I haven't posted a global warming post in quite some time. Allow me to correct that merely by linking to this post, which I visited via Kerplunk.

Please note the two graphs showing data from the Vostok ice core and tell me why I should be worried about global warming.

8 comments:

Anonymous said...

Why should you be worried about global warming?

How do you plan to demonstrate that you're more environmentally-aware, environmentally-responsible and just, plain smarter then the average dope unless you're up in arms about global warming?

Just how do you plan to feel smugly superior to many of those around you, and with very little effort on your part, if not by loudly and continuously worrying about global warming?

mmazenko said...

The reason I'm worried, or even care, is because there's no good reason not to. Arguably, the whole system of where it's getting warmer and colder is incredibly complex. I think evidence shows it's clearly somewhat related to human activity. To argue about extent is a bit superfluous.

Realistically, what could be bad about reducing carbon emissions by reducing the burning of fossil fuels? The idea of pollution is not in doubt. It's certainly not a good thing to be breathing in all those fumes - that's why I turn my car off in the garage when I get home. I'm asthmatic, as are many more people each year, so it matters to me.

I'm worried and I care and I don't have a problem with efforts to decrease emissions because it's simply not a bad idea.

Darren said...

I have no problem curbing pollution. I have a big problem with using non-existent human-caused global warming as an excuse to destroy Western-style capitalism, and then hiding behind the excuse of "I just wanted to curb pollution".

Darren said...

Just checked out your profile. Greenwood Village? Nice! I lived in Colorado Springs for 3 years and still adore the place. Took my son on a visit there a couple summers ago, I like Colorado so much.

mmazenko said...

Yes, it is quite nice here in "God's Country," as a friend likes to call it. I'm also a six-minute walk from my classroom, so I couldn't be happier.

Before we moved to Greenwood Village from Illinois, we looked around the country for where to settle. We had narrowed it down to Greenwood Village and Davis, California. When I got the job here, I cancelled my interview at Davis High School, and we became Coloradoans.

However, we still want to travel on the West Coast, which we've never done.

Darren said...

Davis? Ugh. I trust you read the post I wrote immediately before (below) this one, mentioning Davis? =)

mmazenko said...

Yes, I read it.

The appeal for me was purely scenic and overall quality of life, notably parks and schools.

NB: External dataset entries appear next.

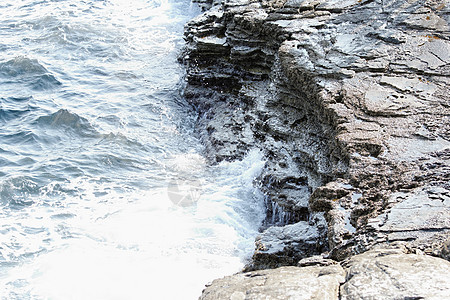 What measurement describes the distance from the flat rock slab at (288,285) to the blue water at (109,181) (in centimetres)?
307

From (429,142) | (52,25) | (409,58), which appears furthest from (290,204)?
(52,25)

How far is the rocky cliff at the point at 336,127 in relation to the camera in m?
5.10

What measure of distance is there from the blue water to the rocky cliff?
91cm

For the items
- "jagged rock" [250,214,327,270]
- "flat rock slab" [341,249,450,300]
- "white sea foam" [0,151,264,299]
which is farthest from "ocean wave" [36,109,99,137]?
"flat rock slab" [341,249,450,300]

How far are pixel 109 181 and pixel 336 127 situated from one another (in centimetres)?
547

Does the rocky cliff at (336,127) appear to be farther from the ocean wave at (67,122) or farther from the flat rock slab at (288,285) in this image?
the ocean wave at (67,122)

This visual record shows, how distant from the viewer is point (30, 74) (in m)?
15.9

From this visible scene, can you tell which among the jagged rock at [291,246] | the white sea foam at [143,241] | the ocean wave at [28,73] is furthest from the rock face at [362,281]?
the ocean wave at [28,73]

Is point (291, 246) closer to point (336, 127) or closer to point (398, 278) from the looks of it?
point (336, 127)

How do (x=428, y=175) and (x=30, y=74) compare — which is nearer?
(x=428, y=175)

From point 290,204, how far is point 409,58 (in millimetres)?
3653

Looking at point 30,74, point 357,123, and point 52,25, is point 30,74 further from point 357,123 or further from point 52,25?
point 357,123

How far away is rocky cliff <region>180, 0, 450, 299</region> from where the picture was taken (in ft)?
16.7

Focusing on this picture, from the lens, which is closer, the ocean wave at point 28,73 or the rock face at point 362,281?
the rock face at point 362,281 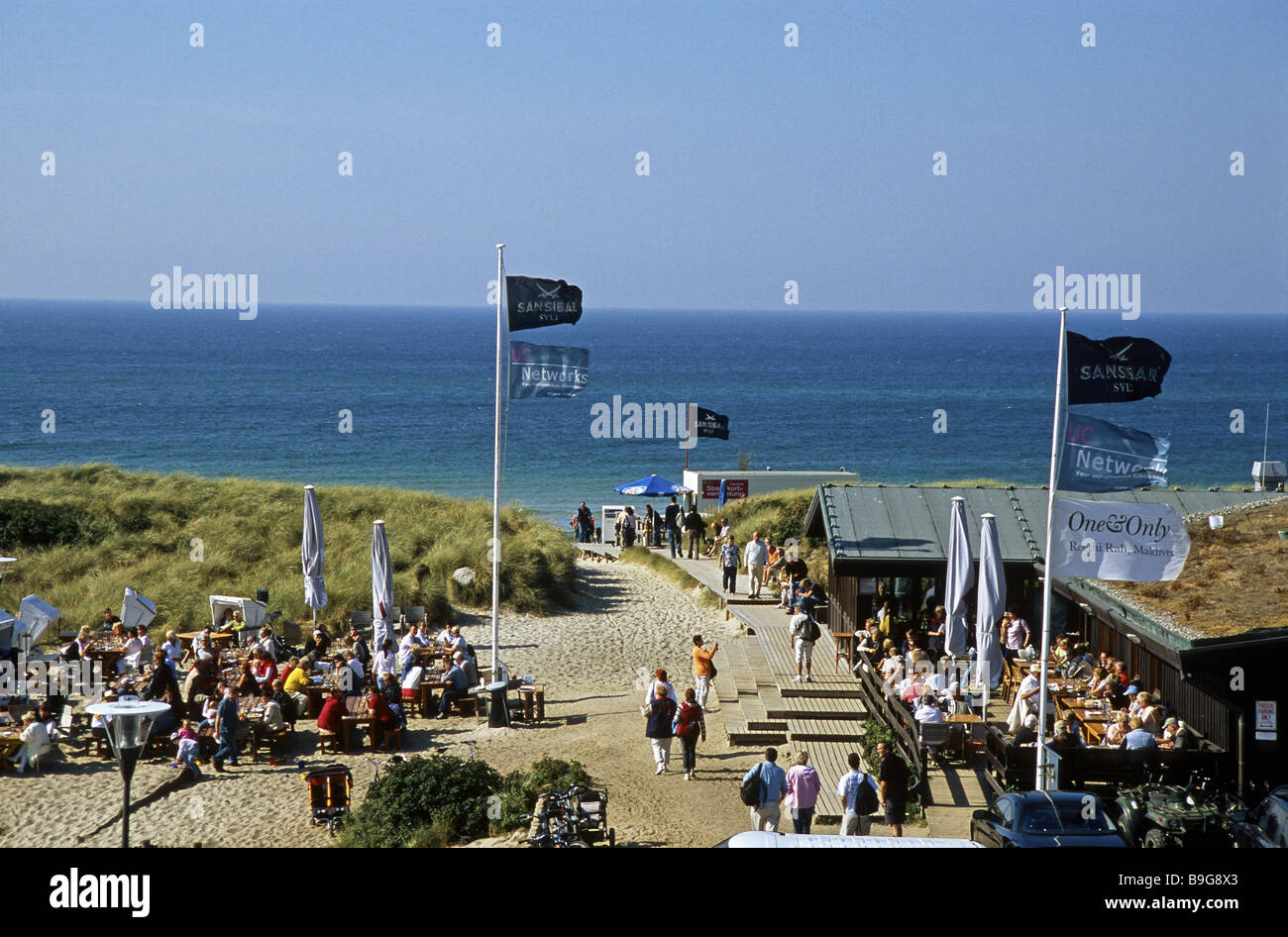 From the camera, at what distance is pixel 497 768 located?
53.6 ft

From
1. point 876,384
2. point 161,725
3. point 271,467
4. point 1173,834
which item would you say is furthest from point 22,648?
point 876,384

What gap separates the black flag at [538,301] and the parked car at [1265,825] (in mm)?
11513

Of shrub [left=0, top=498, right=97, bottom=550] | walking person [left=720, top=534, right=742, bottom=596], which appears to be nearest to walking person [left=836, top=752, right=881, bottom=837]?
walking person [left=720, top=534, right=742, bottom=596]

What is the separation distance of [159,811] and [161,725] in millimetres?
2324

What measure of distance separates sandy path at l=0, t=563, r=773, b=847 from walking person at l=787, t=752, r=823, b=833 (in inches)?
41.0

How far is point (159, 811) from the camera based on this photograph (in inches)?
589

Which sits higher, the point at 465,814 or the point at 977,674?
the point at 977,674

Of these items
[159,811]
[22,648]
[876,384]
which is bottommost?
[159,811]

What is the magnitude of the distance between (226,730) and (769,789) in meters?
Result: 7.92

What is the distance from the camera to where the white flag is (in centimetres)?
1300

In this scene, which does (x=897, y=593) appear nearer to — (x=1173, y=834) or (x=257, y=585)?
(x=1173, y=834)

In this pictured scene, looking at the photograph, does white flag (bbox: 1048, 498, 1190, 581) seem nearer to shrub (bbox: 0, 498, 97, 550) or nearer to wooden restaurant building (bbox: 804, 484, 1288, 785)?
wooden restaurant building (bbox: 804, 484, 1288, 785)

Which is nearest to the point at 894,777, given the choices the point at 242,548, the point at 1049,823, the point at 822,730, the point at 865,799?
the point at 865,799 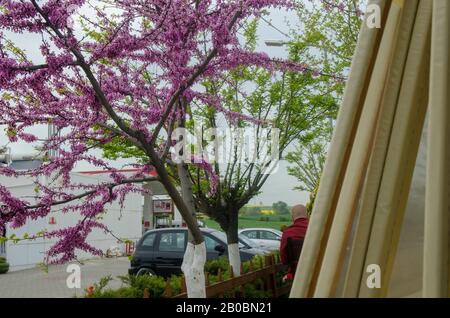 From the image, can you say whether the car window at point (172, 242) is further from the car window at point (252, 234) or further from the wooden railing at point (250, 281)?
the car window at point (252, 234)

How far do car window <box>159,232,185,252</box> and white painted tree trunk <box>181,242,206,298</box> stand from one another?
696 cm

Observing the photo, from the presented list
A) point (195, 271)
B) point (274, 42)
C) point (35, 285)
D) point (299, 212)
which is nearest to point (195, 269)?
point (195, 271)

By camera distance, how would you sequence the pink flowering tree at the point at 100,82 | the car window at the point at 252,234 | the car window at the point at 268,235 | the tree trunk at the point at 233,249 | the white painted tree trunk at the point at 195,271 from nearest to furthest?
the pink flowering tree at the point at 100,82 < the white painted tree trunk at the point at 195,271 < the tree trunk at the point at 233,249 < the car window at the point at 268,235 < the car window at the point at 252,234

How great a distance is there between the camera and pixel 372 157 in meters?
1.52

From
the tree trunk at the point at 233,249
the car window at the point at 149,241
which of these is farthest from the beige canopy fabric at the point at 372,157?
the car window at the point at 149,241

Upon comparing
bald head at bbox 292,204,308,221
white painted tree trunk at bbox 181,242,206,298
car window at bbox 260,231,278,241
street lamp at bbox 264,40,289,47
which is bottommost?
car window at bbox 260,231,278,241

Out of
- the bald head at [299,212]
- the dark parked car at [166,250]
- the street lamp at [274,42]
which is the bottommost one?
the dark parked car at [166,250]

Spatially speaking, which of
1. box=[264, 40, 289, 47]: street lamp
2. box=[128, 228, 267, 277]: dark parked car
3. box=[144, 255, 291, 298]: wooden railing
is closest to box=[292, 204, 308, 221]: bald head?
box=[144, 255, 291, 298]: wooden railing

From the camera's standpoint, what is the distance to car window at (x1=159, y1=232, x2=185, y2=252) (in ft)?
37.7

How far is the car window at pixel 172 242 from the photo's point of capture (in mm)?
11492

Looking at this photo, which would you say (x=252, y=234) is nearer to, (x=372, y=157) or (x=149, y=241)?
(x=149, y=241)

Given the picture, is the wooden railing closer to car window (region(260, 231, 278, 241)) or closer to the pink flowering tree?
the pink flowering tree
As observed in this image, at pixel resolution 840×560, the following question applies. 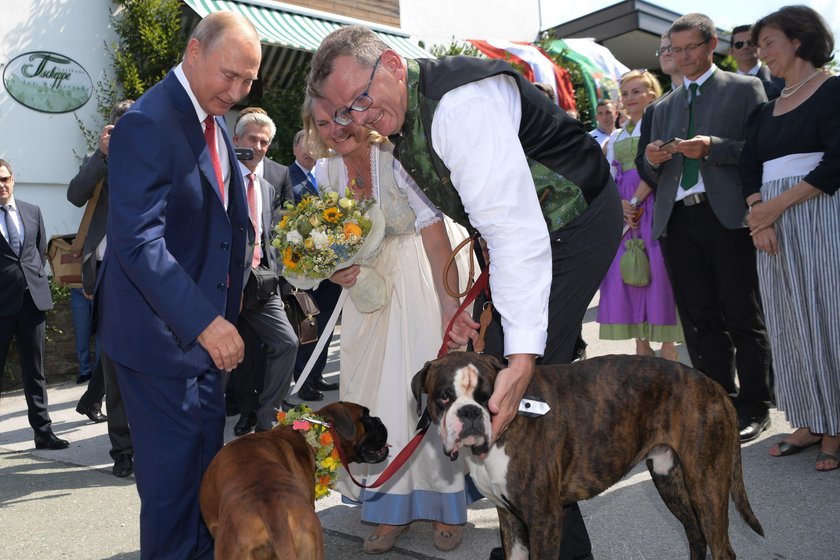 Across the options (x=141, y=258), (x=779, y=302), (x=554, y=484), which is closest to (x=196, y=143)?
(x=141, y=258)

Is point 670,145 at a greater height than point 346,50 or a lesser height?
lesser

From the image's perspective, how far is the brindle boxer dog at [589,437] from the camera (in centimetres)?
281

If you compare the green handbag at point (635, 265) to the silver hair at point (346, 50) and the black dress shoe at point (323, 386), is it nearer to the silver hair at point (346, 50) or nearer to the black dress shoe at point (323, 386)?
the black dress shoe at point (323, 386)

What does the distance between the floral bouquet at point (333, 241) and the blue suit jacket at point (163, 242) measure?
0.92 meters

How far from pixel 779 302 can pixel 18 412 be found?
7510mm

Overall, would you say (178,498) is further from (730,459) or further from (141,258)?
(730,459)

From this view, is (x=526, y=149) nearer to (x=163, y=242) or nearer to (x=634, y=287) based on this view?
(x=163, y=242)

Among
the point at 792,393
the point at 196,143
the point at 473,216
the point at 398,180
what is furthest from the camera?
the point at 792,393

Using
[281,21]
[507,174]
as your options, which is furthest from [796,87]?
[281,21]

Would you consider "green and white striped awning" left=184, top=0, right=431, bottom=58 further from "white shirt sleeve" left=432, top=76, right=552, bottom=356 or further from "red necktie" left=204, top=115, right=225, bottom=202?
"white shirt sleeve" left=432, top=76, right=552, bottom=356

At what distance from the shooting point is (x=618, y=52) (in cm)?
1905

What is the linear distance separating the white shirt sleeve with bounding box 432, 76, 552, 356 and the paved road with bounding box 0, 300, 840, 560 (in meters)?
1.75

An hour from the ocean and an hour from Tahoe? Sign me up.

But, alas, it wasn't meant to be, and now I look at the Rocky Mountains from my front porch.

Anonymous said...

If there were one thing you could say with certainty about climate science it's that the whole system is incredibly complex.

Since that is the case claiming that there's evidence which relates human activity to climatic changes means that however complex the climate is it isn't complex enough to mistake a naturally-occurring change for a human-induced change. I think you can have it one way or the other but not both; either the system's exceedingly complex except in the area of human-induced changes and that's a pretty peculiar exception to the complexity of the system, or it *is* too complex to determine if there's human-caused changes.

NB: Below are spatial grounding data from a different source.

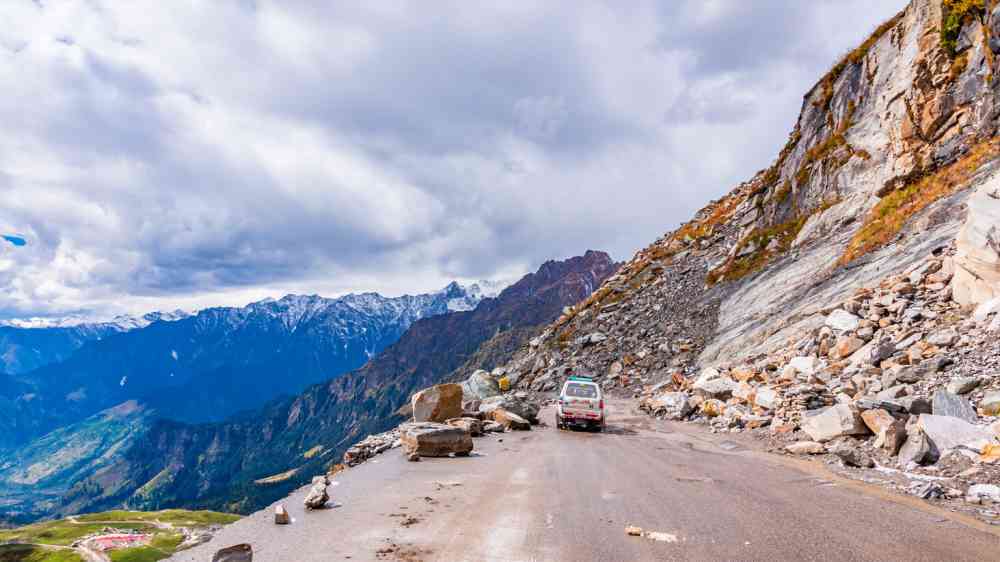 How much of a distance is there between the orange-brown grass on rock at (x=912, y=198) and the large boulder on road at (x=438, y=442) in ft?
89.5

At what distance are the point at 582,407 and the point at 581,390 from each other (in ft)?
3.58

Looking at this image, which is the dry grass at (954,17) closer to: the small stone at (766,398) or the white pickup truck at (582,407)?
the small stone at (766,398)

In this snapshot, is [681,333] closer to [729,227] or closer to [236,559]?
[729,227]

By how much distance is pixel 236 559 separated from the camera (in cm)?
710

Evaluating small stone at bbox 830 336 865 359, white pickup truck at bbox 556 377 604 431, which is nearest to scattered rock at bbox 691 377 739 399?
small stone at bbox 830 336 865 359

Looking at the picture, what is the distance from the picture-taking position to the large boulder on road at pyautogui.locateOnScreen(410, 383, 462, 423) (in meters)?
25.5

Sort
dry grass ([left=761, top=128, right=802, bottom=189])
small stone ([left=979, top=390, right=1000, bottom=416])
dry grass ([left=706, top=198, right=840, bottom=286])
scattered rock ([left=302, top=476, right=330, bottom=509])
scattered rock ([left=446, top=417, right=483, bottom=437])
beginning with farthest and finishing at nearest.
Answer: dry grass ([left=761, top=128, right=802, bottom=189]), dry grass ([left=706, top=198, right=840, bottom=286]), scattered rock ([left=446, top=417, right=483, bottom=437]), small stone ([left=979, top=390, right=1000, bottom=416]), scattered rock ([left=302, top=476, right=330, bottom=509])

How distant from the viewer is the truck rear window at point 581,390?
2583 cm

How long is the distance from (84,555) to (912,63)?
510ft

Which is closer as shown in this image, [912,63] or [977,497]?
[977,497]

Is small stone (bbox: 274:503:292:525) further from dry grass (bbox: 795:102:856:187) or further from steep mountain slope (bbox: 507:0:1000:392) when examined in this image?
dry grass (bbox: 795:102:856:187)

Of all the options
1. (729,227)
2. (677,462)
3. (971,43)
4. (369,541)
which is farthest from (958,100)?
(369,541)

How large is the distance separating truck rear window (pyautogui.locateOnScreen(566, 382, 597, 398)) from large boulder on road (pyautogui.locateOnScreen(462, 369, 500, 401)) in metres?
15.7

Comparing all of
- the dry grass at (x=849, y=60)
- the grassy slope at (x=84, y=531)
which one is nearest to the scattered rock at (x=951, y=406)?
the dry grass at (x=849, y=60)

If it's the latter then reducing carbon usage, i.e. taking a legally-mandated vow of poverty which is what global warming alarmists want, is a stupid thing to do. If it's the former then the people who assert that human influence is the one area of climate science that's sufficiently well understood to determine cause and effect are on the hook to demonstrate that connection between the cause and the effect. So far that hasn't happened.

The closest anyone seems to have come to demonstrating that relationship is via the use of deliberately misleading charts. Beyond that there's been the effort to present computer-modeling results as determinative when they're not much good for anything other then keeping grad students busy and the generalized assault on contrary views as either dishonest, evidence of insanity or of stupidity.

Fortunately pollution's related to wealth and technological sophistication.

Rich people expect, and can afford, clean air and water. So that's what we set out to get ourselves starting back a couple of decades ago.

Steel-making used to be a horrendously polluting process. Open-pile coking gave way to coking ovens which gave way to increasingly sophisticated and efficient processes until now steel-making hardly produces any pollution. Same for aluminum production and on and on. But that increasing sophistication doesn't come about because some environmental palladin says "make it so". It comes about because newer, better process render older, lousier processes uneconomic. Take away the economic incentive and you get what became visible with the fall of the Soviet Union, an industrial plant that's simultaneously very expensive and an environmental disaster.